Pick your duality and Fred Lonberg-Holm’s not only been on either side of it, he’s navigated the continuum in between. You want atomized acoustic improv? Check out the cellist’s duo with Michael Zerang on BOXmedia. Face-plastering assault jazz? Check his late 1990s tenure with the Flying Luttenbachers. Mellow acoustic swing? The Valentine Trio. Mind-melting electronics? Dig that solo halfway through the new Ballister CD-R. Abstracted Americana? The Boxhead Ensemble. This could go on a long time, so let’s just stop and deal with the record at hand.
Seval tries to have it a couple ways at once, and often succeeds. The combo is all acoustic and mostly Swedish; Fred’s an American with Swedish roots, and singer Sofia Jernberg was born in Ethiopia and grew up in Vietnam before settling in Stockholm. The cellist and guitarist David Stackenäs has been playing together since the late ‘90s; Lonberg-Holm’s acquaintances with the singer, bassist Patric Thorman, and trumpeter Emil Strandberg are much more recent. Without vocals, Seval would likely sound like a mostly polite chamber combo with a penchant for brief, impolitic sneezes of more harmonically challenging improvisation. The bassist brings a sort of swinging tango vibe to any rhythm, and the trumpeter rides herd on the melodies that the other strings alternately express and spook.

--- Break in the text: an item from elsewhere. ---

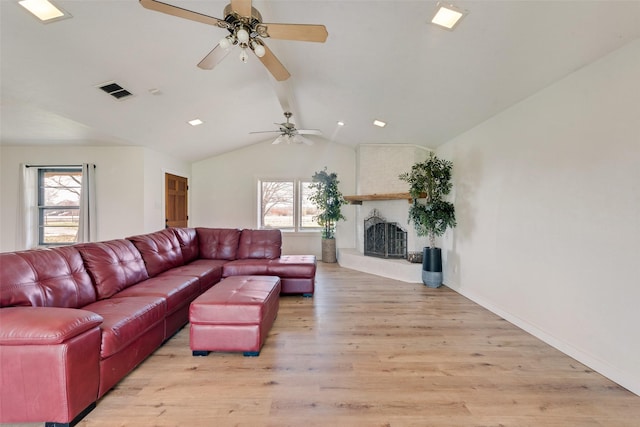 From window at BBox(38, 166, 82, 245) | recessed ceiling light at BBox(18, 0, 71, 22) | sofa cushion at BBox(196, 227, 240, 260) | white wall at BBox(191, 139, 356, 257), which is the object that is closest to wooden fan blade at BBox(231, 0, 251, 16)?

But even though Lonberg-Holm generally records his tune-oriented ensembles without singing, those tunes generally start their lives with words. Seval shows us what he’s been hiding, and it’s not a talent that belongs under a rock. “Maybe It’s Too Late” is a slow swoon of regret, with an alternately creeping and climbing progression that could make it a new jazz standard. “I Won’t Go” unpacks a moment of conciliatory intimacy with a brisk blitheness worthy of Burt Bacharach in his prime.
Jernberg is just the singer to bridge the songs’ pop forms and Fred’s more outside impulses. She has a winning combination of youthful range and sophisticated chops, so that the moments of high and sweet sailing can suddenly spin and wheel like a swallow in a daredevil mood. But she can also match the ensemble’s spiky, meterless interludes with some squeals and back-of-the-throat utterances that will fully challenge any listener intolerant of extended vocal techniques. The blend of ingratiation and confrontation feels more like a tumultuous dalliance than a marriage, but that’s part of Lonberg-Holm’s M.O. — his discography is littered with groups that lasted long enough to get their sound down on one or two records before the lights went out.